Speaking at Senate estimates last week, Minister for Financial Services Jane Hume was questioned about these apparent inconsistencies, with Labor senator Jenny McAllister suggesting that the government either purposefully tried to restrict the number of applications or made price cap decisions with no research applied.

Standing up for the government, Ms Hume said: “This is a brand-new scheme, Senator McAllister, and getting the calibration, that is not an easy task.
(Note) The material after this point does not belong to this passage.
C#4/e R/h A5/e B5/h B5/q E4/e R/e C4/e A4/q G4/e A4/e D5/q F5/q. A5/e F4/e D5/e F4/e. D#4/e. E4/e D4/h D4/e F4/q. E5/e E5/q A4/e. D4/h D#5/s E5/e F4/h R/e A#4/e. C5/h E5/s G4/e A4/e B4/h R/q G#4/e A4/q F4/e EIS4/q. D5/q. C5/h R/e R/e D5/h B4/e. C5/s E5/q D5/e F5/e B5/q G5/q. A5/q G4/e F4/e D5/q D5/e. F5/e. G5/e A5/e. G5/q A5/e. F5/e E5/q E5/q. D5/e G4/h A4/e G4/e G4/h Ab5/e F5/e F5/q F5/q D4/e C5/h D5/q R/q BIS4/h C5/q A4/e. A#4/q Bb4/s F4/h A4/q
These are the numbers Treasury has suggested to us.”

Ms Hume did, however, concede that “if it doesn’t work”, “it will be adjusted accordingly”.

The Minister also faced questions about how the government’s new schemes, including Family Home Guarantee, are expected to fix the affordability crisis, to which she responded: “I think that housing affordability is a very complex area”.
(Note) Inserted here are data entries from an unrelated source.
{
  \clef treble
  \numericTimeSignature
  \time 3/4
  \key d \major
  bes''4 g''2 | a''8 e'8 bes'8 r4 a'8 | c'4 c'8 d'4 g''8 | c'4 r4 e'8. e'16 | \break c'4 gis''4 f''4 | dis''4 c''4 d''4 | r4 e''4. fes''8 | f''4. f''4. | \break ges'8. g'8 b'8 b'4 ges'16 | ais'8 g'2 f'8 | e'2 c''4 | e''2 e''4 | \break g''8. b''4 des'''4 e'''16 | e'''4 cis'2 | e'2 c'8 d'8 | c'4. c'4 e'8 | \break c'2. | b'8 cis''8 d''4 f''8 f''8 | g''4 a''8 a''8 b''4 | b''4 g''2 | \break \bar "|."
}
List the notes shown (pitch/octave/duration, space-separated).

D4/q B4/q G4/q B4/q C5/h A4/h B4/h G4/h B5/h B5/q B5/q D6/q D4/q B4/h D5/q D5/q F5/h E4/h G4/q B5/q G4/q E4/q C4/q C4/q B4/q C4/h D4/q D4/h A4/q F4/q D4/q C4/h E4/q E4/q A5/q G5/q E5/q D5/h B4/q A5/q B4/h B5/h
“What we have tried to do here as a government is give more Australians an opportunity to get into the home ownership business… and move out of rental accommodation or social housing,” Ms Hume said.

Dissecting the federal budget last month, Dr Andrew Wilson, chief economist at Archistar, expressed his scepticism of a majority of the new home-related schemes, referring to them as “narrowly targeted”.

“They are unlikely to significantly stem an ongoing decline in activity from this group now suffocating from booming home prices and surging investors, with total activity over the next year set to fall by at least 20 per cent – even with a full uptake of the schemes announced,” Dr Wilson said at the time.

Taking aim at the Family Home Guarantee scheme, Dr Wilson questioned how far the eligible single parents would have to venture for a home, revealing that the current median asking price for a two-bedroom unit in Sydney is $615,000, with a three-bedroom at $820,000. In Melbourne the two-bedroom unit median is $520,000, with three-bedroom unit median asking prices at $585,000. For Brisbane the two-bedroom unit median is $400,000, with three-bedroom unit median asking prices at $560,000.

“By comparison, the median asking price for a Sydney house is currently $1,297,077; with Melbourne at $869,490; and Brisbane, $568,992, and all clearly still rising strongly,” Dr Wilson said.